> _What this task involves_: Once the pictures are removed, restate the data below word for word.

--- Dataset content ---

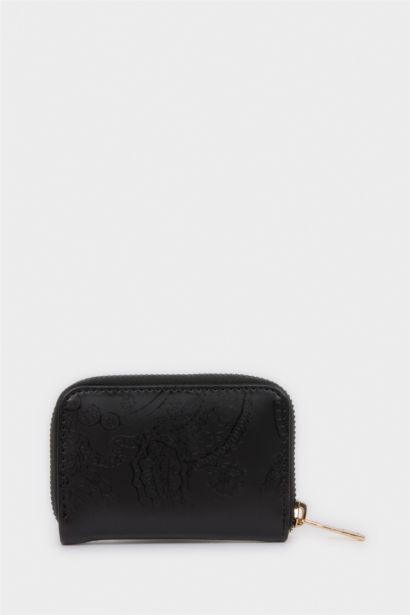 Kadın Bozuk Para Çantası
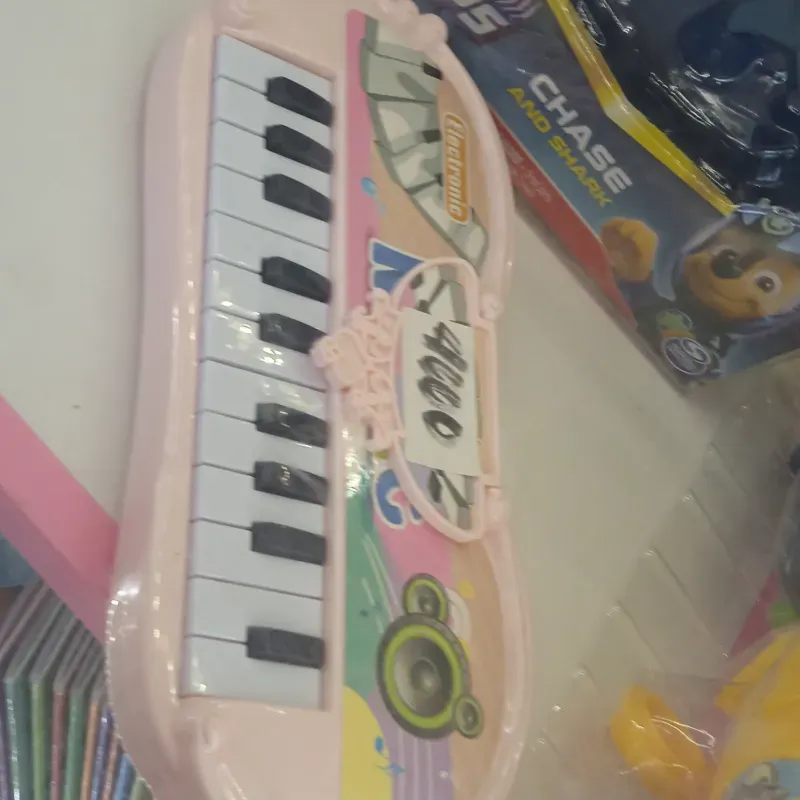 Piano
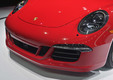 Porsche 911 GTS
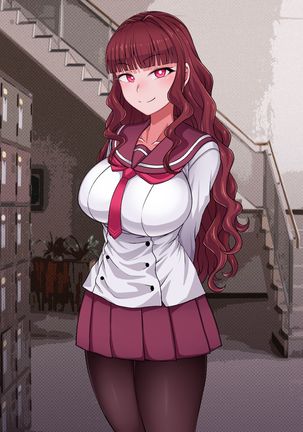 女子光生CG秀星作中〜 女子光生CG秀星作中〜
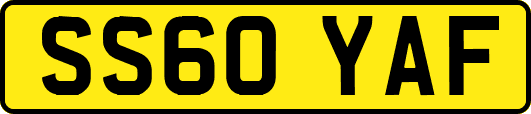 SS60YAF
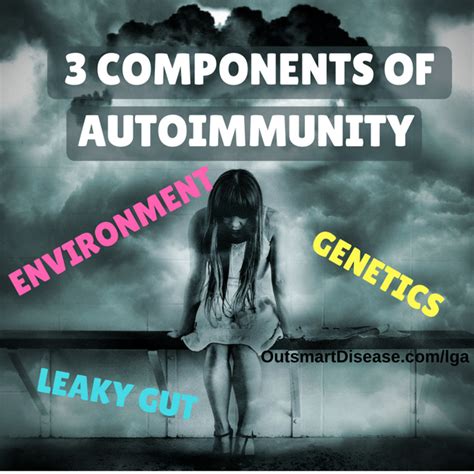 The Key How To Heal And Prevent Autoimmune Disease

---

> _Exercise result_:
 Kadın Bozuk Para Çantası
 Piano
 Porsche 911 GTS
 女子光生CG秀星作中〜 女子光生CG秀星作中〜
 SS60YAF
 The Key How To Heal And Prevent Autoimmune Disease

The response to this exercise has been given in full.